Mówiło się o tym od lat, a teraz jest to fakt. Powstaje film Peaky Blinders. Zdjęcia ruszają w tym roku, a za projekt odpowiada Netflix.
Steven Knight od lat nie ukrywał, że jego planem jest, by zakończyć sagę o Tommym Shelbym na filmie. Teraz mamy oficjalne potwierdzenie startu zdjęć w tym roku i udziału Netflixa w całym przedsięwzięciu. Szczegóły fabuły trzymane są w tajemnicy, ale z różnych informacji udostępnianych na przestrzeni lat możemy wywnioskować, że będzie to pełnoprawna kontynuacja serialu, która domknie wątek brytyjskiej partii faszystowskiej.
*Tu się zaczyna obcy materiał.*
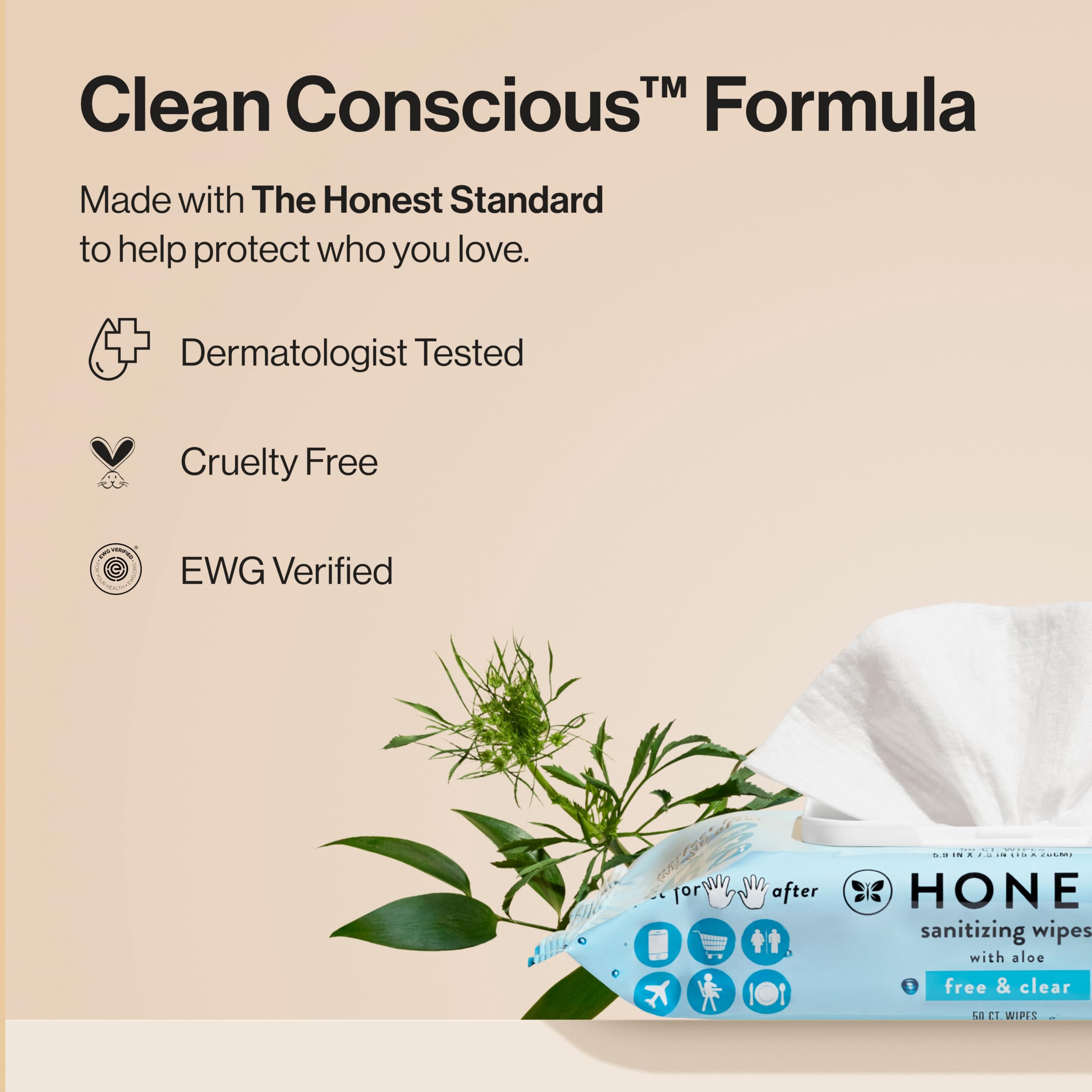 The Honest Company Fragrance Free Sanitizing Alcohol Wipes | Antibacterial + Safe for Hands | Kills 99% of Germs, Made With Aloe | 150 Count (3 Packs of 50)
Knight sugerował nawet, że film będzie się toczył w trakcie II wojny światowej (domykając jego pierwotny plan stworzenia sagi o Wielkiej Brytanii, na przestrzeni całego dwudziestolecia międzywojennego), a jednym z jego wątków będzie przekazanie pałeczki między starym a młodym pokoleniem.
Cillian Murphy jest producentem filmu i oczywiście powróci w głównej roli – jeszcze na ten moment darowano nam deklaracji, że po raz ostatni. Co ciekawe, za kamerę powróci reżyser, który ostatnio nad Peaky Blinders pracował dziesięć lat temu. Tom Harper, bo o nim mowa, wyreżyserował połowę pierwszego sezonu kultowej produkcji.
Harper to reżyser przede wszystkim projektów brytyjskich, doczekał się nawet nominacji do nagrody BAFTA za jeden ze swoich krótkich metraży. Na koncie ma też takie filmy jak Aeronauci czy Siła marzeń oraz brytyjski miniserial Wojna i pokój z 2016 roku.
Na ten moment nie wiemy, kto jeszcze powróci do obsady lub kto do niej dołączy. Murphy prawdopodobnie pracuje teraz na planie 28 Years Later. Projekt ten rozpocznie nowy okres w jego karierze, po Oscarze za Oppenheimera.